Since the current coronavirus epidemic started, scientists and authorities have determined the genetic fingerprint of virus samples from numerous affected countries. More than 100 of these gene sequences, which are present in coronaviruses in the form of RNA, are available in public databases. Tanja Stadler, Professor of Computational Biology at the Department of Biosystems Science and Engineering at ETH Zurich in Basel and an expert in questions of molecular epidemiology, has now studied this data. Using a statistical model her group developed to analyse the genetic genealogy of pathogens, she gained new insights into the beginnings of the epidemic in China.
Professor Stadler’s analyses suggest that the epidemic in China began in the first half of November 2019, whereas most previous estimates assumed that the virus did not pass from an animal to the first human until the second half of November. “The widespread hypothesis that the first person was infected at an animal market in November is still plausible,” Stadler says. “Our data effectively rule out the scenario that the virus circulated in humans for a long time before that.”
Rapid pre-quarantine spread
Stadler also analysed the dynamics of the epidemic before the city of Wuhan was quarantined on 23 January 2020. She used the genetic data to calculate the new coronavirus’s basic reproduction number, a figure that indicates the average number of people an infected person goes on to infect. According to Stadler’s estimates, it lies between 2 and 3.5 in the period in question. This corroborates the previous estimates based on the number of confirmed coronavirus cases, which suggested a figure between 2 and 4. What this means is that infections occur much more quickly than with seasonal influenza (which typically has a basic reproduction number below 1.5).
“The basic reproduction number is one of the central parameters of an epidemic,” Stadler says. “It provides important information on the effectiveness of measures such as quarantine. Control measures are effective only if they are able to reduce this number.” That’s why Stadler wants to determine what this number is during the timespan of the Wuhan quarantine. However, she says, the data for this period in Wuhan are unclear, which makes a reliable analysis impossible for now.
Determining the hidden figure
Because viral genomes are constantly changing, Stadler could use these changes to reconstruct the evolutionary history of the virus. “Using statistical methods, we can calculate how many people were infected at any point in time in the past,” she explains. Her analysis showed that on 23 January, between 4,000 and 19,000 people must have been infected. At that time there were 581 confirmed cases of the disease. This means that in the most extreme case, only 1 in 33 infected persons appeared in the official statistics; in the best case 1 in 7.
Stadler emphasises that there are other methods than hers for determining epidemiological parameters. However, her method, which analyses the genomes, has a great advantage in that it allows reliable conclusions to be drawn even with data from relatively few patients. In particular, her method is beneficial in situations where it is no longer clear who infected whom. This is currently the case in our neighbouring country Italy, and has been the case in China for some time.

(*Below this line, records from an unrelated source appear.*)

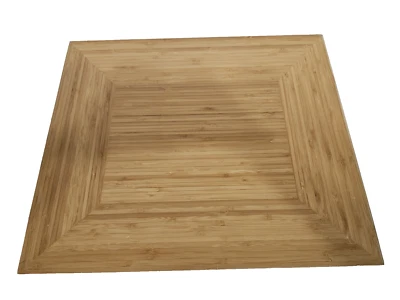Pampered Chef Bamboo Platter Tray 0309 Serving Platter Large Wood 18x15 - Image 1 of 4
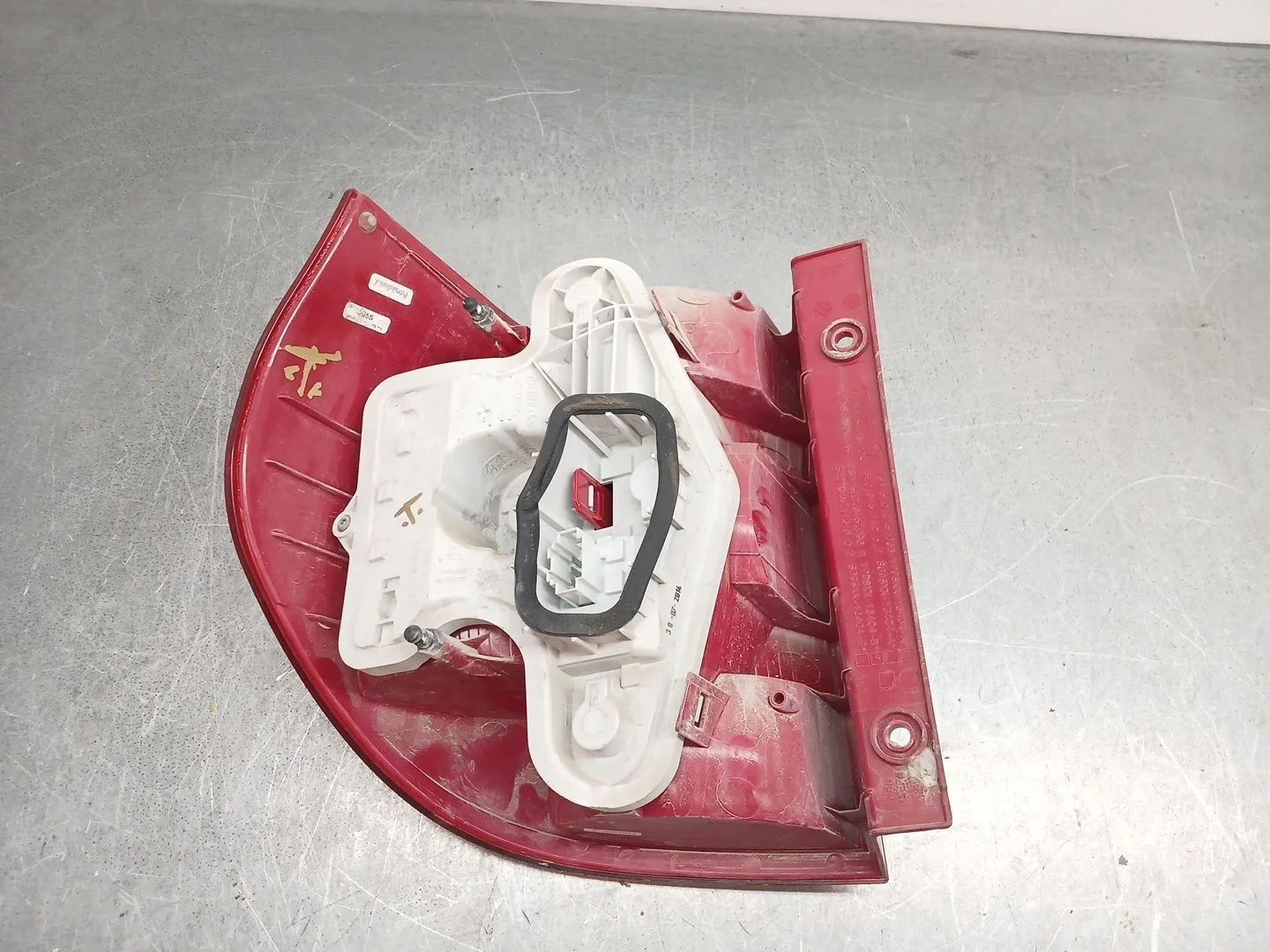 Piloto Trasero Derecho para Skoda Yeti (5L)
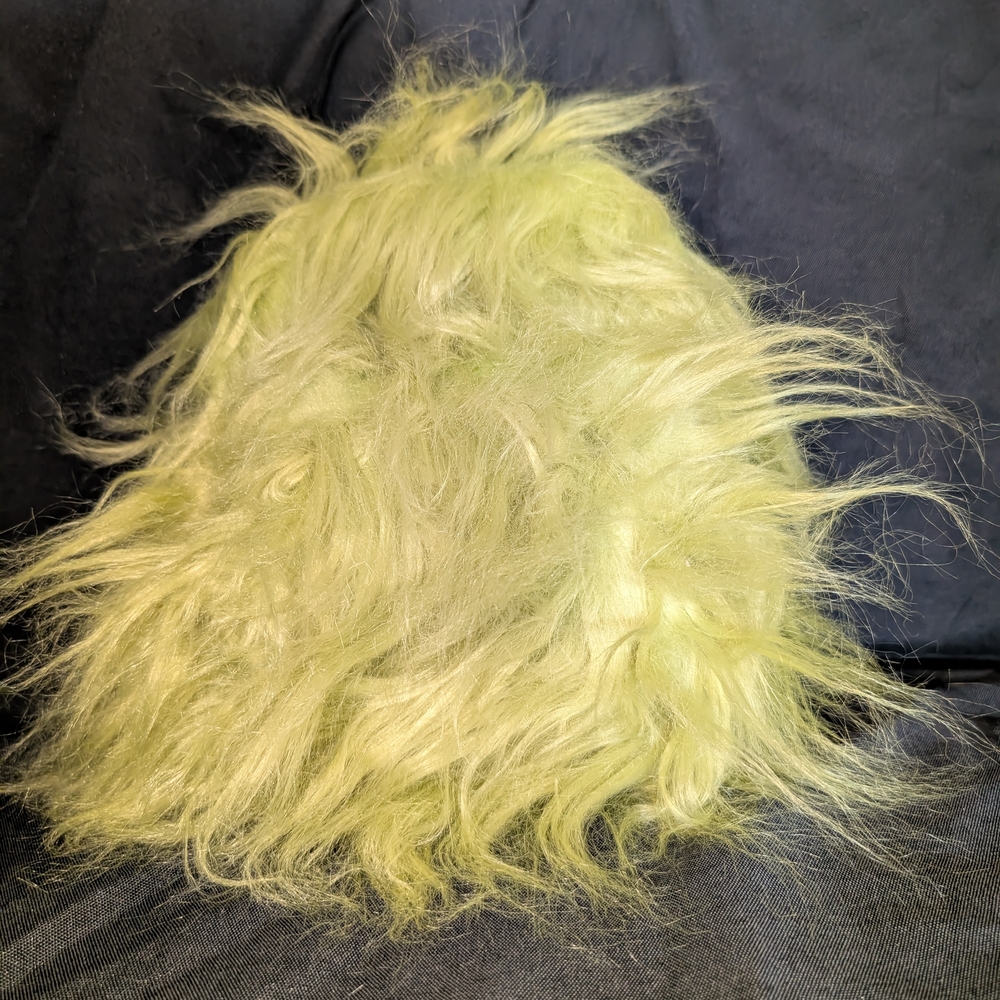 Dolls Kill Green Grumpy Mini Backpack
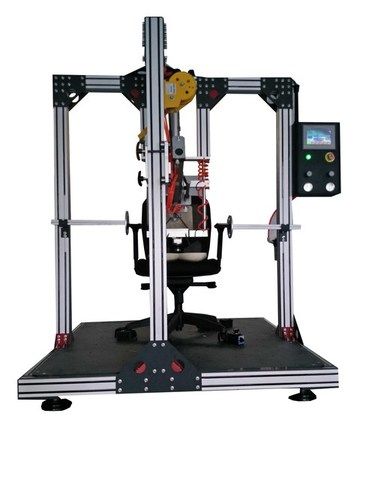 Seat And Backrest Durability Testing Machine Machine Weight: 320  Kilograms (Kg)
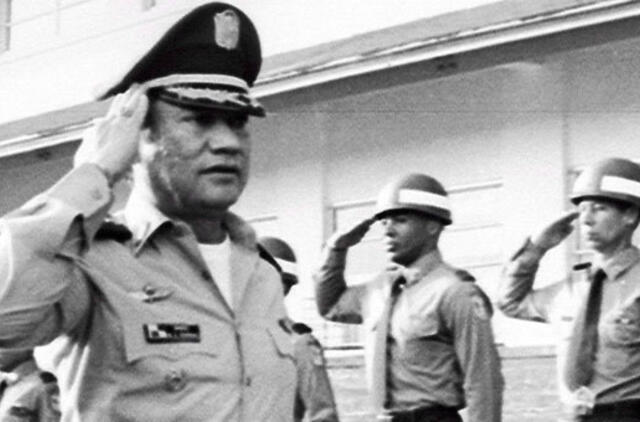 Mirė buvęs Panamos vadovas generolas Manuelis Norjega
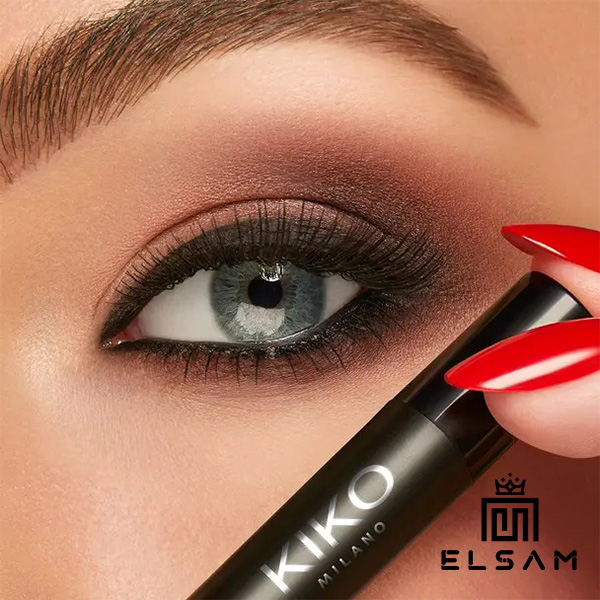 مداد چشم مدل Colour Kajal شماره 01 کیکو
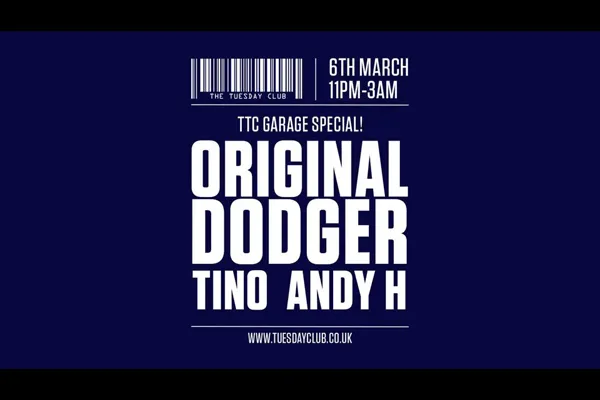 Original Dodger, Tino, Andy H, BigMac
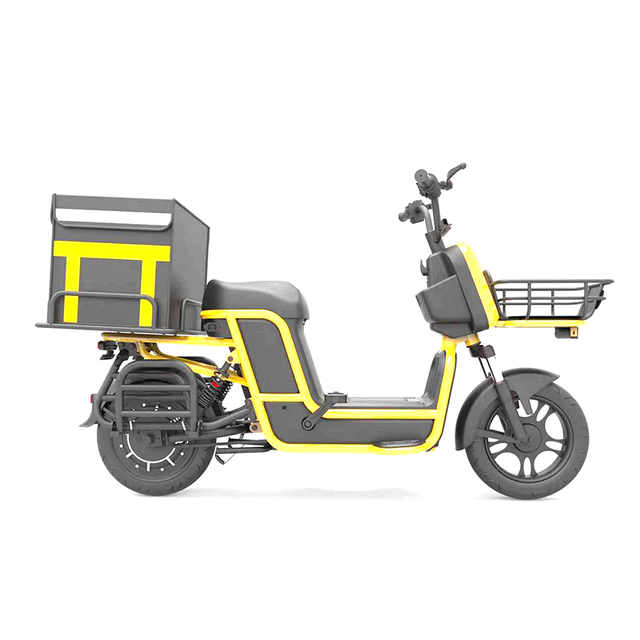 Long Range Scooter Take Away Fast Food Electric Delivery Bike Cargo E-bike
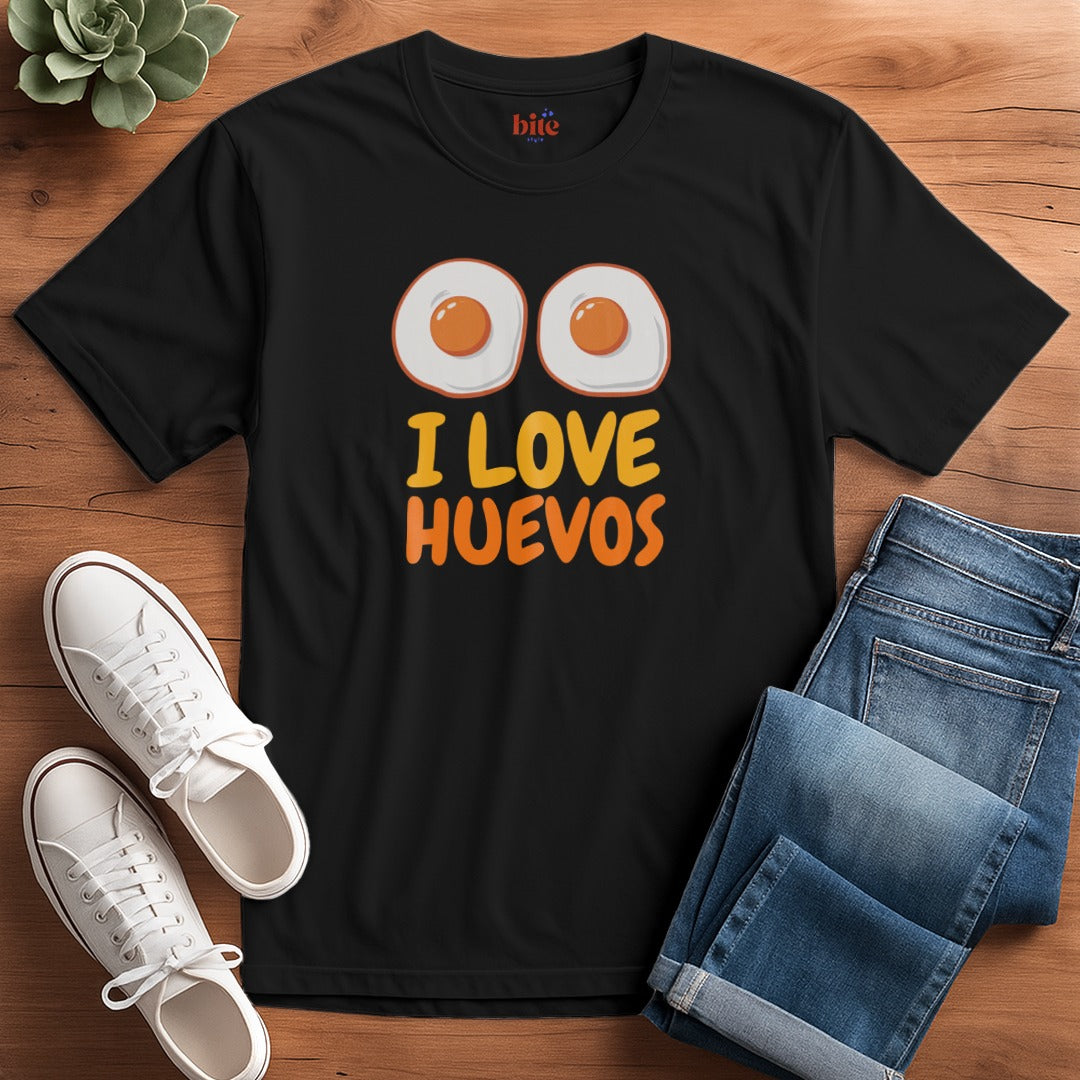 I Love Huevos V1 T-Shirt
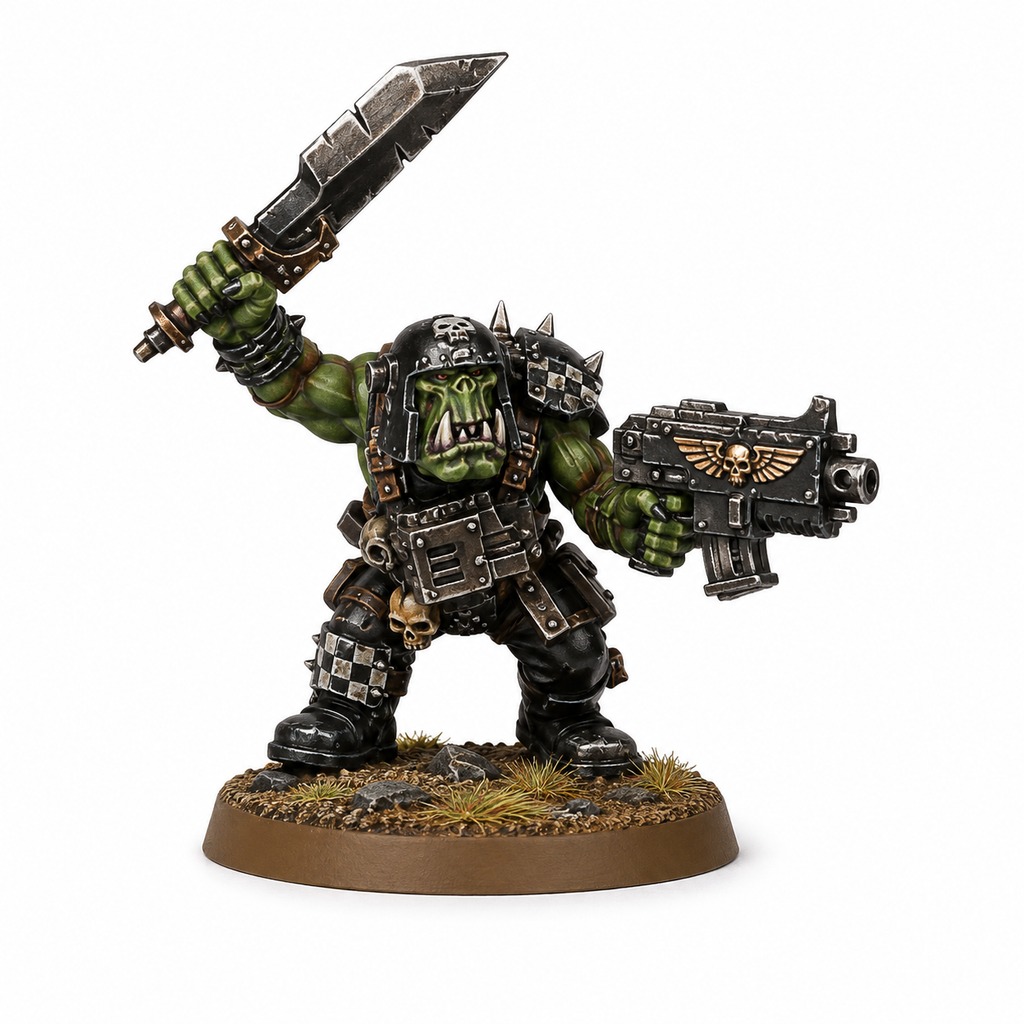 Desert Iron Orc Clockwerk raiders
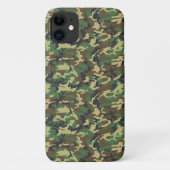 Camouflage Patroon, Militair Patroon, Camo, Leger Case-Mate iPhone Case (Achterkant)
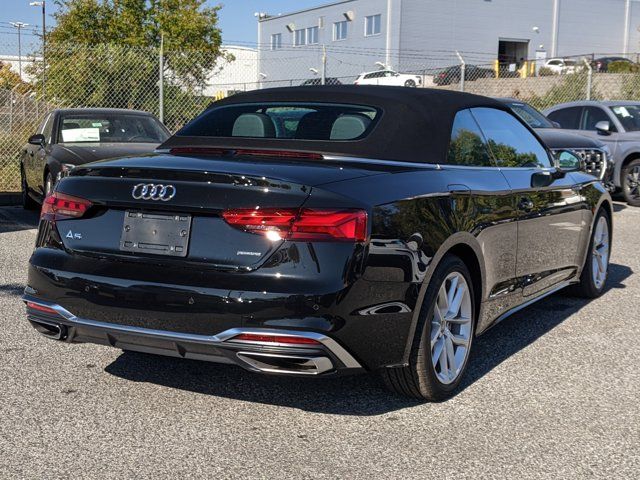 2024 Audi A5 Cabriolet S line Premium Plus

Making real-time analysis possible
Finally, Stadler’s method would even allow the real-time analysis of an epidemic, which would enable the authorities to continuously review and adjust the effectiveness of control measures. A prerequisite for this would be regular spot checks to examine the viral genome in newly infected persons. However, at present almost no sequence data is being published for new viral genomes from Wuhan.
Stadler and her colleagues have made their analysis available to other scientists on Virological, an online portal. The ETH researchers point out that their work has not been reviewed by other scientists, as is standard practice in research, as this would take too long in a situation like the current one. Stadler also stresses that the quality of her analysis can be only as good as the quality and quantity of genetic data published. In this study, her team analysed 93 RNA sequences – most of them from China, with 38 from other countries. Stadler will continue her analysis and expand it with newly published genome data.